El laboratorio también incorpora un dispositivo hemisférico delante
del asiento giratorio que funciona como pantalla de ordenador
y como panel de despliegue de datos – creado en colaboración con
Ellumens –, y en el que también se pueden transmitir imágenes
de las cámaras adosadas al vehículo. Las imágenes y la información
se pueden descargar bien a los sistemas de almacenamiento del
ordenador o bien a una impresora de alta definición colocada en
el interior del coche. Aunque está diseñado como un laboratorio
móvil, el equipo de proyecto formado por seis diseñadores de NDE
se ha asegurado de que el hábitat sea suficientemente acogedor
para el equipo de tres hombres Terranaud. Mientras que se han
utilizado materiales muy funcionales dentro de la cabina – el
suelo, por ejemplo, es totalmente plano y está cubierto de un
material de goma fácil de limpiar –, el resto de superficies con
las que los ocupantes entrarán en contacto está recubierto con
materiales suaves. Las almohadillas utilizadas para abrir las
puertas eléctricamente están cubiertas con un acabado en silicona
táctil, mientras que los asientos cuentan con respiraderos en
la base y materiales transpirantes en los respaldos.

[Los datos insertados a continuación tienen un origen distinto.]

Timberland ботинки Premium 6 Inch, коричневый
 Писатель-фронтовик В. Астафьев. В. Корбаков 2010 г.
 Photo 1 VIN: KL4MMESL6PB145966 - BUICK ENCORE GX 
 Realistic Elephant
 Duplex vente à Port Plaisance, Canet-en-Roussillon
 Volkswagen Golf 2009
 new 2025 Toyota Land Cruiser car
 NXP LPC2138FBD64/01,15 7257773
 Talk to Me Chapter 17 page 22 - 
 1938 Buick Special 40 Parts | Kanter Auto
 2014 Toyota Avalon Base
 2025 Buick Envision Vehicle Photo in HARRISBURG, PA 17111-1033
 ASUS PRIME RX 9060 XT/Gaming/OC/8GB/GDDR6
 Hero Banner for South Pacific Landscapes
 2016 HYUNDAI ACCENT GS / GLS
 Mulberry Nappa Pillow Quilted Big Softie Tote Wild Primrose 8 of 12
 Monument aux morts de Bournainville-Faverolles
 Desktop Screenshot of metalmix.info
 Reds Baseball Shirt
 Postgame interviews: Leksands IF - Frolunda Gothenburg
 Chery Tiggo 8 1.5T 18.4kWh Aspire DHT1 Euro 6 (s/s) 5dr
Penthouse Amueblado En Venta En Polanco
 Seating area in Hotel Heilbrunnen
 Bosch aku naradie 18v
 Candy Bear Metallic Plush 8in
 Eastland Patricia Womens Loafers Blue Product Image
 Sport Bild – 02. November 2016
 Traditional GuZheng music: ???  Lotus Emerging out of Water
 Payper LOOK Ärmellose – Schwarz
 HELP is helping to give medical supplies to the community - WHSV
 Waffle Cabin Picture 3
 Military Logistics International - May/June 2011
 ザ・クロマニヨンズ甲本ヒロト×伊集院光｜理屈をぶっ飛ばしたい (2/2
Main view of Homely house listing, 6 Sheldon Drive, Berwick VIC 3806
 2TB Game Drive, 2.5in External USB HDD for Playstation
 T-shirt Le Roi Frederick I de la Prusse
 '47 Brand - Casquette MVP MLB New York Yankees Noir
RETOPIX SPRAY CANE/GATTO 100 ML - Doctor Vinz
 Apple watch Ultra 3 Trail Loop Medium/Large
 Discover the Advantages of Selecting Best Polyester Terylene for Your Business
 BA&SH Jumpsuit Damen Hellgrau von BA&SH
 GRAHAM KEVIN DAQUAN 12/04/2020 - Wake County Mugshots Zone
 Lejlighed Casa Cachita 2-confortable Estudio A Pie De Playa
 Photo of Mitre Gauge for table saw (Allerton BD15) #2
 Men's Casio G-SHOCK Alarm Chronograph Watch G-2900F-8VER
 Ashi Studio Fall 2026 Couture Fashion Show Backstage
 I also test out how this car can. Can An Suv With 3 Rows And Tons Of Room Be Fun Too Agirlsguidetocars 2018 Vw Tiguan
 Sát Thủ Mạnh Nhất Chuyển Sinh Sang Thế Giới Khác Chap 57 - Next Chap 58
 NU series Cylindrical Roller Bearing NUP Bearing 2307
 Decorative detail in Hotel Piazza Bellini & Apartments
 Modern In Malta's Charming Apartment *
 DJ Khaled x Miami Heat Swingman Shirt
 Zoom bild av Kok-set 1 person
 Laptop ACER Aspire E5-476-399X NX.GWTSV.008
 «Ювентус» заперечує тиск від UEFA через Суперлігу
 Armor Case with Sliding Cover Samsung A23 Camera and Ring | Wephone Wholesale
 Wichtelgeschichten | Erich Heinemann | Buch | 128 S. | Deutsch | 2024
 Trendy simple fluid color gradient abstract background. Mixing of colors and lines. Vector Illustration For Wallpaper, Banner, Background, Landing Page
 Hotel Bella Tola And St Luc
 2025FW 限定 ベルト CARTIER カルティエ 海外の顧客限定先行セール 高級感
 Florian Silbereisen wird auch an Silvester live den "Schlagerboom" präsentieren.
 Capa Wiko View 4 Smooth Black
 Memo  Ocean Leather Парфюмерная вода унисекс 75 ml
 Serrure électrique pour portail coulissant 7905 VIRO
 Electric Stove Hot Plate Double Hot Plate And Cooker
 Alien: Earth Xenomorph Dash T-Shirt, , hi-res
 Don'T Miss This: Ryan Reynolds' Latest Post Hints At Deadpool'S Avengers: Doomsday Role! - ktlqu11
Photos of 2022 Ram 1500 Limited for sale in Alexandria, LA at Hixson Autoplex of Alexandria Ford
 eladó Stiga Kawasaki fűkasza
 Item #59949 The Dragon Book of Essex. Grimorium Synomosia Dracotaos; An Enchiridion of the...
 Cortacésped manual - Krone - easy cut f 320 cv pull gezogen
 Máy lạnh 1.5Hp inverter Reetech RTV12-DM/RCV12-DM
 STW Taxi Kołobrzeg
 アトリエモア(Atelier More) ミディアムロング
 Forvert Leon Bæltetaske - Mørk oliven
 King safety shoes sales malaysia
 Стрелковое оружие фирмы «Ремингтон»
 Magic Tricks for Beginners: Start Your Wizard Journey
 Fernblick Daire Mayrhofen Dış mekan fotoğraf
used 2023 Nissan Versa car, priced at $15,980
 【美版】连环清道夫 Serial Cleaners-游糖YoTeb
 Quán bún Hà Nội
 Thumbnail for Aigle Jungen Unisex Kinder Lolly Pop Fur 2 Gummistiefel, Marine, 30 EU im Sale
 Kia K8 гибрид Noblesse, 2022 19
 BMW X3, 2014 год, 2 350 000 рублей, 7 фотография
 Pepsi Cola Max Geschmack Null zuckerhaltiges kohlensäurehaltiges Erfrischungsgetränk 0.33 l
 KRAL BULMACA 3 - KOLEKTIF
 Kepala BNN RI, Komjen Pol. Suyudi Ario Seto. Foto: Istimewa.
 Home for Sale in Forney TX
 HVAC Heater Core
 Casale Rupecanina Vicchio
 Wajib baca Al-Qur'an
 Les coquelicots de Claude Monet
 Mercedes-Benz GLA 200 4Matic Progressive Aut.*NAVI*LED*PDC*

Los colores escogidos mezclan los grises propios de los laboratorios
con el beige cálido y las sombras marrones para aportar un toque
más humano a lo que en esencia es un entorno científico. Reflejando
el tipo de muestras que pueden llegar al laboratorio para ser
analizadas, el equipo de diseño ha adoptado el hexágono – la forma
geométrica de uno de los siete sistemas de cristales – como un
rasgo de estilo. Los grupos de luces, delanteros y traseros, son
todos hexagonales mientras que las luces con aspecto de joya parecen
realmente auténticas piedras preciosas. Unas secciones elevadas
hexagonales en el piso ofrecen un mayor agarre dentro de la cabina.
Hasta los dos lados del panel de instrumentos y la consola central
entre el piloto y el copiloto adoptan la idea de los seis lados.